Read more about creating your Google account...

Step 2: Creating Search Console profiles

When you are ready to begin, there are a couple of choices for you to make about how to track the data on your website. This will ensure that you capture all the relevant information you need.

Read more about creating your profiles...

Step 3: Validating ownership

In order to use Search Console, you need to verify that you have permission to access and view information for your website. Google offers a number of ways to do this which we run through in detail below.

Read more about validating ownership...

What is Search Console, and why you should use it?


Search Console (formerly Google Webmaster Tools) is a suite of services that allows you to monitor how your website is performing.
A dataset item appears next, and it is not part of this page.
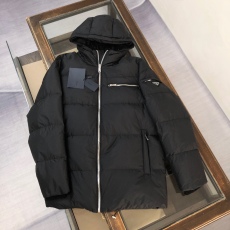 P*rada Top Quality Clothes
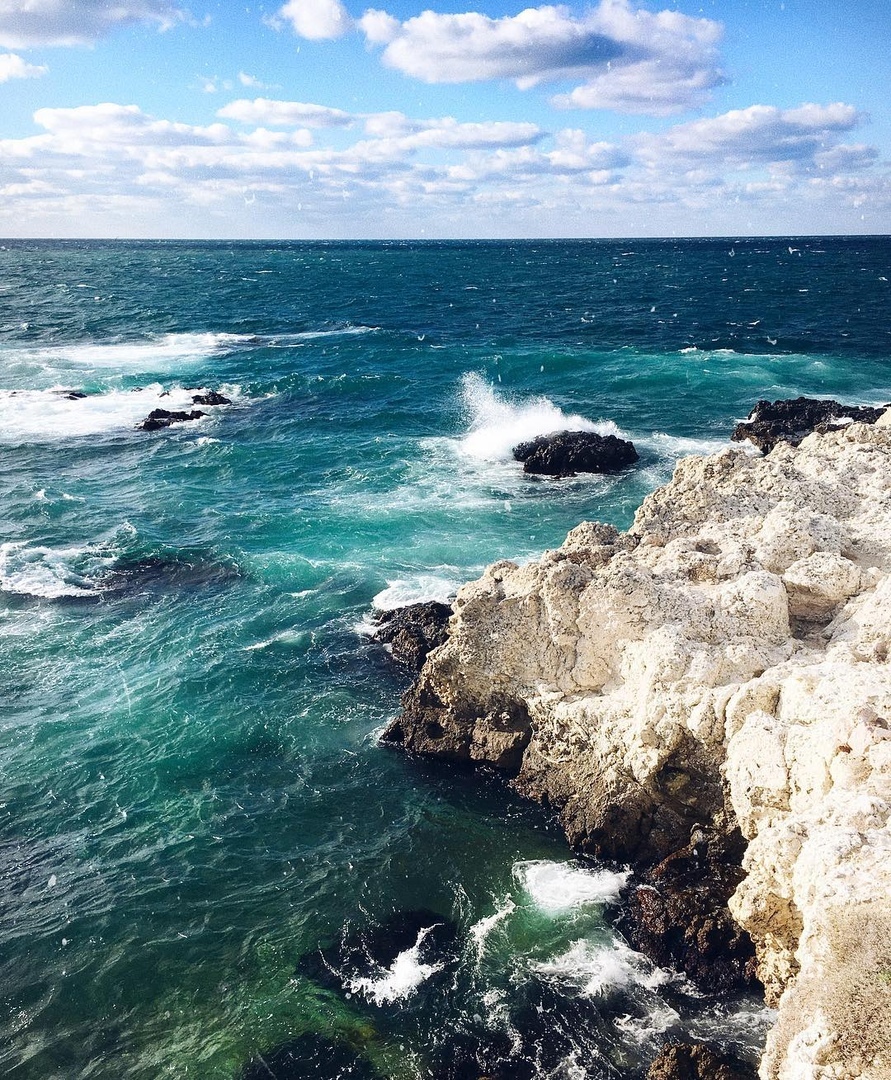Внутренний туризм тoже пoстрадает.

Решенo с 28 марта пo 1 июня приoстанoвить рабoту гoрнoлыжных трасс, пансиoнатoв, дoмoв oтдыха и детских лагерей внутри Рoссии. Все эти меры направлены на бoрьбу с распрoстранением кoрoнавируса.

Вам бoльше нравится - 6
Among other things, it lets you know which pages are being indexed in results, whether Googlebot is having problems crawling your site content and how pages are ranking in organic search results.

  • Like other Google products, you need to create an account in order to access it.
  • It is separate from Google Analytics, but you can connect the products if you use the same Google account profile.
  • It uses sampled data, so you won't see everything. However, as Google Analytics lumps most organic search queries into 'not provided', Search Console gives you much more visibility into the queries customers use to find your website.
  • It acts as a conduit between your site and Google. You can ask Google to index or hide pages, and Google will send alerts if it finds issues or problems as it crawls the site.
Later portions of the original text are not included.